Dans le canton de Vaud, en Suisse, une réforme de grande ampleur pour intégrer l’éducation numérique à l’enseignement obligatoire a nécessité l’appui de personnes-ressources. Comment ont-elles été formées et comment ont-elles à leur tour accompagné les enseignants ? Récit d’une recherche menée auprès de ces personnes-ressources.

Personnes-ressources, référents numériques, PressMitic (personnes-ressources médias, images et technologies), etc. Mais qui sont ces personnes travaillant dans des dizaines d’écoles obligatoires en Suisse francophone ? Celles que l’on nomme personnes-ressources, selon la dénomination actuellement en vigueur dans la région administrative du canton de Vaud, sont des enseignants qui reçoivent un dégrèvement horaire pour accompagner leurs collègues dans le processus d’adoption de l’éducation numérique.

Ces personnes, jusqu’à il y a quelques années, recevaient une formation spécifique pour assumer ce rôle. Puis, cette formation a été interrompue jusqu’à ce que récemment, en Suisse et ailleurs, l’éducation numérique (re)devienne une priorité des systèmes scolaires.

Des réformes curriculaires, de plus ou moins grande envergure selon les pays ou les régions, le soutien politique et la disponibilité budgétaire ont vu le jour, notamment dans la région de notre étude : le canton de Vaud.

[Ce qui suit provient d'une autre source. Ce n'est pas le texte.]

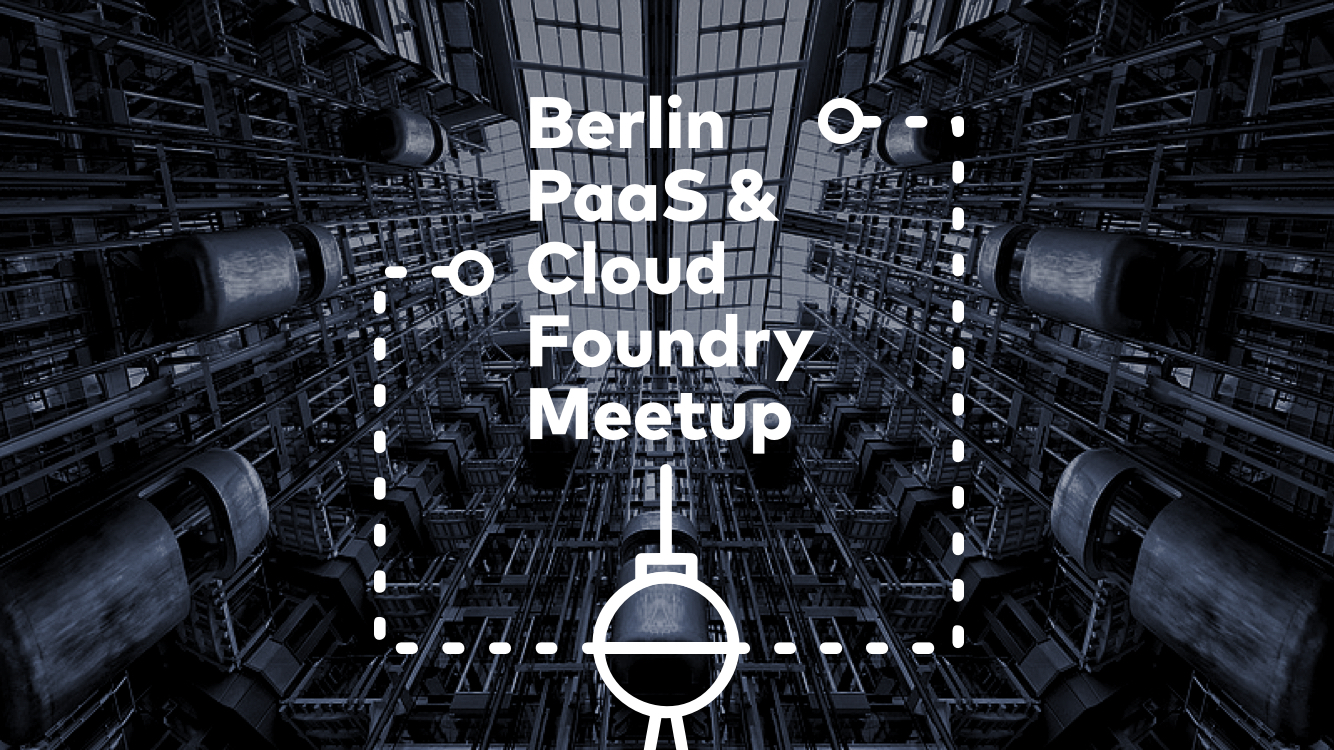 Berlin PaaS & Cloud Foundry Meetup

Une réforme à grande échelle

C’est dans le cadre de cette réforme à grande échelle que les personnes-ressources ont ressurgi, avec un rôle revisité, de nouvelles tâches et une nouvelle formation focalisée, initialement, sur l’éducation numérique.

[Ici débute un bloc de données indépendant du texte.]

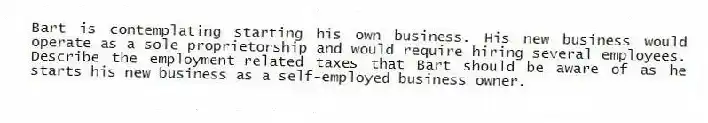 Bart is contemplating starting his own business. His new business would operate as a sole proprietorship and would require hiring several employees. Describe the employment-related taxes that Bart should be aware of as he starts his new business as a self-employed business owner.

Mandatée dès 2018 par le ministère de l’Éducation (département de la formation de la jeunesse et de la culture) et fruit d’une collaboration avec trois universités, la réforme vise à intégrer l’éducation numérique à tous les niveaux de l’enseignement obligatoire et concerne l’ensemble des 12 000 enseignants et 130 000 élèves faisant partie des degrés scolaires des cycles 1, 2, 3 (primaire et secondaire) et du postobligatoire (lycée) du canton de Vaud.

Afin de former rapidement ce nombre important d’enseignants et de pérenniser le projet, un modèle de formation en cascade a été choisi.

Le modèle de formation en cascade

Des spécialistes en éducation numérique (niveau 3) ont élaboré un programme puis formé une partie des enseignants (niveau 1), mais aussi des enseignants-formateurs (niveau 2) qui forment à leur tour les enseignants restants.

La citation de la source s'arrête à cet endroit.